A code is a system of rules to convert information from one form to another. When we convert given information into another representation, we are encoding. When we convert back to the original representation, we are decoding. We represent the rules for encoding and decoding by functions. To be able to recover the original information through decoding, the encoding function must be invertible.
In this section we convert text into a sequence of numbers. Commonly used character encodings are ASCII (American Standard Code for Information Interchange) and Unicode. ASCII uses 128 printable and control characters and was standardized in 1963 by ASA (American Standards Association).

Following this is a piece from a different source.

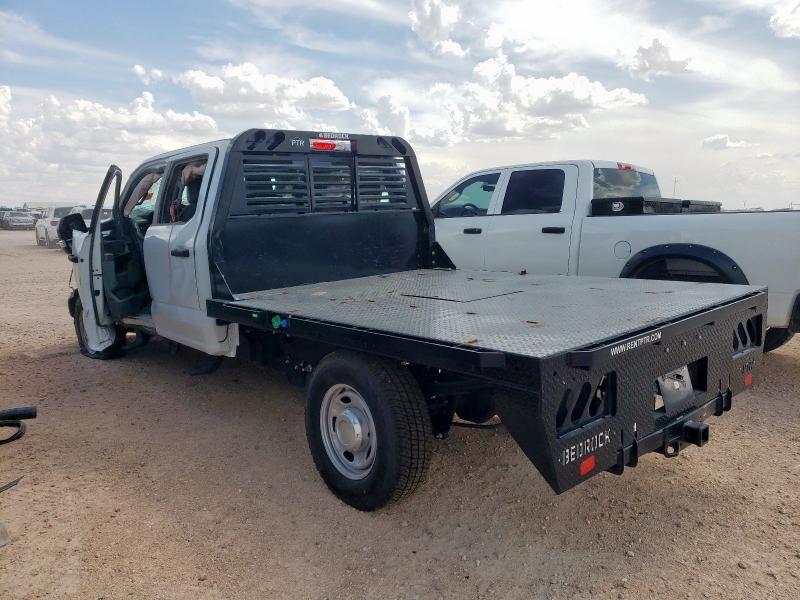 1FD7W2BT2RED06077 - 2024 FORD F250 SUPER DUTY 白色 照片 2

Unicode can handle the characters in most of the world’s writing systems.
We use a simpler code that only encodes the characters in the set
\begin{equation*} \A=\{\cspace,\mathtt{a},\mathtt{b},\mathtt{c},\dots,\mathtt{z}\} \end{equation*}
into a sequence of numbers in
\begin{equation*} \Z_{27}=\{0,1,2,\ldots,26\}. \end{equation*}
Recall that when we write texts with the characters in \(\A\) we write \(\cspace\) instead of the character space.
To convert text into a sequence of numbers we use the encoding function \(C\) and its inverse the decoding function \(C^{-1}\) given in Figure 8.1. In practice we only need one of these tables, as instead of explicitly writing down the table for \(C^{-1}\) we can also read the table for \(C\) from right to left.
\(x\) \(C(x)\)
\(\cspace\) 0
\(\mathtt{a}\) 1
\(\mathtt{b}\) 2
\(\mathtt{c}\) 3
\(\mathtt{d}\) 4
\(\mathtt{e}\) 5
\(\mathtt{f}\) 6
\(\mathtt{g}\) 7
\(\mathtt{h}\) 8
\(\mathtt{i}\) 9
\(\mathtt{j}\) 10
\(\mathtt{k}\) 11
\(\mathtt{l}\) 12
\(\mathtt{m}\) 13
\(\mathtt{n}\) 14
\(\mathtt{o}\) 15
\(\mathtt{p}\) 16
\(\mathtt{q}\) 17
\(\mathtt{r}\) 18
\(\mathtt{s}\) 19
\(\mathtt{t}\) 20
\(\mathtt{u}\) 21
\(\mathtt{v}\) 22
\(\mathtt{w}\) 23
\(\mathtt{x}\) 24
\(\mathtt{y}\) 25
\(\mathtt{z}\) 26
\(y\) \(C^{-1}(y)\)
0 \(\cspace\)
1 \(\mathtt{a}\)
2 \(\mathtt{b}\)
3 \(\mathtt{c}\)
4 \(\mathtt{d}\)
5 \(\mathtt{e}\)
6 \(\mathtt{f}\)
7 \(\mathtt{g}\)
8 \(\mathtt{h}\)
9 \(\mathtt{i}\)
10 \(\mathtt{j}\)
11 \(\mathtt{k}\)
12 \(\mathtt{l}\)
13 \(\mathtt{m}\)
14 \(\mathtt{n}\)
15 \(\mathtt{o}\)
16 \(\mathtt{p}\)
17 \(\mathtt{q}\)
18 \(\mathtt{r}\)
19 \(\mathtt{s}\)
20 \(\mathtt{t}\)
21 \(\mathtt{u}\)
22 \(\mathtt{v}\)
23 \(\mathtt{w}\)
24 \(\mathtt{x}\)
25 \(\mathtt{y}\)
26 \(\mathtt{z}\)
Figure 8.1. Tables that specify the encoding function \(C:\A\to\Z_{27}\) and its inverse the decoding function \(C^{-1}:\Z_{27}\to\A\text{.}\) The character space is represented by \(\cspace\text{.}\)
When encoding words or longer segments of text we apply the encoding function character by character and thus obtain a sequence of numbers (to be more exact a sequence of elements of \(\Z_{27}\)) which we separate by commas.
In the video in Figure 8.2 we give a detailed description of the use of the encoding function \(C\) and its inverse the decoding function \(C^{-1}\text{.}\)
Figure 8.2. Character encoding by Matt Farmer and Stephen Steward
In the following we give examples on how to apply the encoding and decoding functions.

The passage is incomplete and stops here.